As concessões públicas do setor metroferroviário não estão virando tendência no País sem razão. A difícil reação econômica-financeira da maioria dos metrôs públicos a alimenta. Foram 11,5 bilhões de subsídios nos últimos dez anos. Essa é a abordagem da última reportagem da série Metrôs – Uma conta que não fecha, publicada pela Rede Nordeste de conteúdo, uma parceria do JC com os jornais O Povo (CE) e Correio (BA).  

Uma conta que não fecha. Esse é o principal diagnóstico dos sistemas metroferroviários públicos geridos pelo governo federal no Brasil. Em dez anos, foram R$ 11,5 bilhões subsidiados na Companhia Brasileira de Trens Urbanos (CBTU), empresa pública que opera os sistemas do Recife (PE), Belo Horizonte (MG), João Pessoa (PB), Natal (RN) e Maceió (AL), e na Empresa de Trens Urbanos de Porto Alegre S.A. (Trensurb), no Rio Grande do Sul. Ao mesmo tempo, em 15 anos apenas cinco quilômetros de linhas metroferroviárias foram implantados nas mesmas empresas. As contas são da Casa Civil da Presidência da República, que já deixou claro não estar mais disposta a pagar por elas. A dificuldade de reação econômica-financeira dos metrôs públicos é o grande problema e estaria cansando a União.

Mas o questionamento a ser feito é: colocar, por dez anos, R$ 11,5 bilhões em sistemas de metrô que atenderam 250 milhões de passageiros em 2018 é muito ou pouco? Para o governo federal, é muito. Por isso, já iniciou o processo de descentralização e concessão do serviço público prestado pela CBTU e Trensurb. Por email, a Secretaria Especial do Programa de Parcerias de Investimentos (PPI) da Casa Civil da Presidência da República informou que, independentemente dos valores anuais para custeio, foram realizados, desde 2014, investimentos na ordem de R$ 400 milhões na CBTU e de R$ 39 milhões na Trensurb. E que, mesmo assim, não foram suficientes para fazer com que os sistemas conseguissem se sobressair nas cidades onde operam. “Nos últimos 15 anos apenas 5 km de rede foram expandidos na CBTU e Trensurb, enquanto que nas cidades onde a CBTU atua houve expansão de 144 km da malha sobre trilhos: 31 km no Rio de Janeiro, 32 km em São Paulo, 33 km em Salvador e 48 km em Fortaleza. A quantidade de passageiros também está estagnada desde 2008”, diz a União por email.

 

  Para muita gente, entretanto, o poder público deve e precisa continuar investindo no transporte de passageiros sobre trilhos e R$ 11,5 bilhões em dez anos não é muito. Dos R$ 11,5 bilhões de subsídios, R$ 8,5 bilhões foram para a CBTU e R$ 3 bilhões para a Trensurb.
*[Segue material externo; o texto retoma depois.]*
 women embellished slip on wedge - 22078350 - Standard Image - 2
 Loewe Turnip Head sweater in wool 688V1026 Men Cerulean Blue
Silenciados pelo receio de perseguições e punições, funcionários dos cinco sistemas de metrô da CBTU conversaram com a reportagem sob anonimato. Impossível, no momento atual e com a certeza administrativa de que as concessões à iniciativa privada virão – após a estadualização ou não –, identificar-se para ressaltar a importância do caráter social desses sistemas metroferroviários nas cidades onde operam. São aproximadamente 800 mil passageiros transportados diariamente, a tarifas módicas, que variam entre R$ 2 e R$ 4,25, valores bem abaixo dos cobrados nos sistemas concedidos. E que só cresceram após aumento decidido pela União e escalonado por determinação da Justiça.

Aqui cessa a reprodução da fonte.